Continua la guerra fra gli Alien e i Predator, in Alien Vs Predator 2, questa volta senza Raul Bova, che curiosamente vediamo protagonista nello stesso weekend cinematografico. Il film, un mix fra fantascienza e horror, diretto dai fratelli Strause (noti per gli effetti speciali di titoli del calibro de I fantastici 4 e The Day After Tomorrow), al loro esordio, non dovrebbe proporre nulla di nuovo.

Esordio alla regia anche per Federico Moccia, che con il suo Scusa ma ti chiamo amore, ammicca all’universo giovanile con, come sembrerebbe dal trailer, testi semplici quasi da stupidi, il bravissimo Raul Bova, che non capisco perché abbia accettato il ruolo (forse il miracolo dei soldi) e l’esordiente Michela Quattrociocche. Il film di genere romantico, un po’ notte prima degli esami per l’età presunta dei protagonisti, un po’ ultimo bacio per l’età e la sindrome di Peter Pan del protagonista rischia, ahimè, di fare grandi risultati ai botteghini.

Non credo che avrà la stessa fortuna, concludendo, l’altro film italiano in uscita questo weekend, il drammatico Hotel Meina, dell’esperto regista e produttore Carlo Lizzani, che narra fatti veramente accaduti alla fine della seconda guerra mondiale, protagonisti un gruppo di ebrei e un gruppo di soldati nazisti.

A voi la scelta. Buon cinema e buon weekend!

Commenti (4)

  1. Di questi film me ne piacciono 3,ovviamente i primi tre scritti!
    Mr.Magorium è fantastico e Dustin Hoffman come sempre il migliore!
    Come non andare a vedere il film con Nicholson e Freeman, sarebbe un grave errore.
    Infine Into the wild di Penn.. da guardare con calma e attenzione.
    Il resto nemmeno li calcolo, non sono il mio genere.

  2. Oddio!!! finalmente un film di moccia!! non vedevo l’ora!!!!!

  3. Vabbene ragazzi, allora, cosa devo vedere? Chi ne ha visto già qualcuno?
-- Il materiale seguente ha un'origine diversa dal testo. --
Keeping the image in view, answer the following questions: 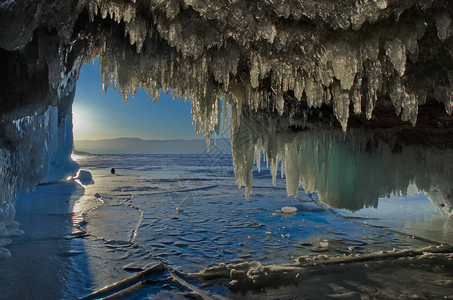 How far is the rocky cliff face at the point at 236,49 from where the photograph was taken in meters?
2.33

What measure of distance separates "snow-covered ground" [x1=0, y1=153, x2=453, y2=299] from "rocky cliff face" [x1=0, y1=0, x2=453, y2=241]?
2.14 metres

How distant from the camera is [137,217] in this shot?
7715mm

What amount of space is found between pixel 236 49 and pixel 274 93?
1.59 meters

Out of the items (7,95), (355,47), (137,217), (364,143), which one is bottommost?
(137,217)

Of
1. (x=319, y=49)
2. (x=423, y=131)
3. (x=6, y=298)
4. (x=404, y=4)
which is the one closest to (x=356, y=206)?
(x=423, y=131)

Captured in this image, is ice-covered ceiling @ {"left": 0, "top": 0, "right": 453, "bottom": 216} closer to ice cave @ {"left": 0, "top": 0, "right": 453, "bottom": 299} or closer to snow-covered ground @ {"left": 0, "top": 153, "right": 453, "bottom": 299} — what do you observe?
ice cave @ {"left": 0, "top": 0, "right": 453, "bottom": 299}

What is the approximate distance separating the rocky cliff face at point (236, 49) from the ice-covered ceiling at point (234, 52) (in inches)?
0.4

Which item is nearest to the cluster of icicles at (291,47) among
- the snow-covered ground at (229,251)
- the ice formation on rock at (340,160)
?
the ice formation on rock at (340,160)

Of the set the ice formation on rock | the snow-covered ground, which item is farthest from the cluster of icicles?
the snow-covered ground

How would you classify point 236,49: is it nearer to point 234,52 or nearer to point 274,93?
point 234,52

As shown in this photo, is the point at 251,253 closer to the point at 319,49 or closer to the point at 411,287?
the point at 411,287

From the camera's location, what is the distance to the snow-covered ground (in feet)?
12.0

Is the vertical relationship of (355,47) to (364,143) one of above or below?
above

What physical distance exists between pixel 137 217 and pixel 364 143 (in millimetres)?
5920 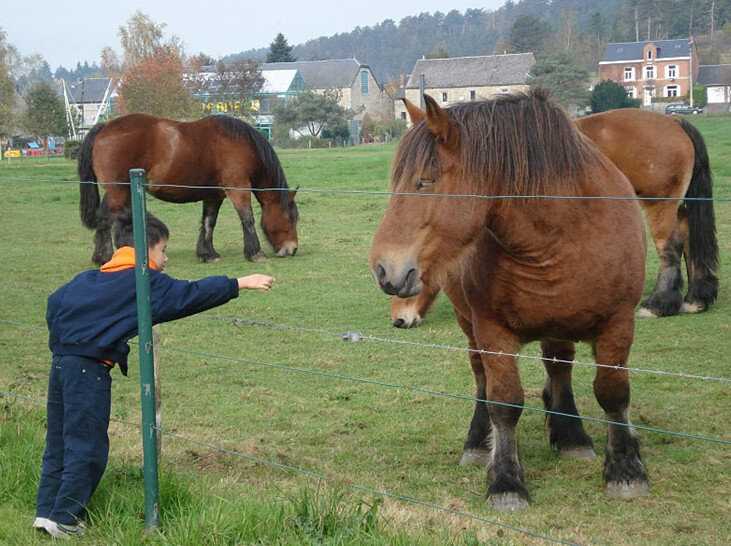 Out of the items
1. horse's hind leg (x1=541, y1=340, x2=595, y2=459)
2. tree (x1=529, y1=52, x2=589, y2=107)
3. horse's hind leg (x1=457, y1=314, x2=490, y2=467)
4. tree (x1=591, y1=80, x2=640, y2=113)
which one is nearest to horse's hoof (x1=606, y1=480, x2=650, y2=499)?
horse's hind leg (x1=541, y1=340, x2=595, y2=459)

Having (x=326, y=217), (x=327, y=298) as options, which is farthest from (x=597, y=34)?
(x=327, y=298)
Gill?

    Giulio ti odio.

  4. Finalmente è arrivato l’atteso film di Moccia Federico,quello dei lucchetti,quello che ha fatto imbrattare tutti i muri di Roma con io e te 3msc,quello che fa errori orografici e sbaglia a coniugare i verbi;e adesso…beh non poteva mancare all’appello la storia d’amore tra una di 17 anni e uno di 40 con i soldi.Con questo film manderà dallo psicologo(ma purtroppo gia ci vanno) tutti i ragazzi, perchè le 17enni non gliela daranno più…poveracci!Ragazzi ribellatevi vi prego…ah dimenticavo non portate la vostra ragazza a vedere il film o saranno cazzi vostri!!!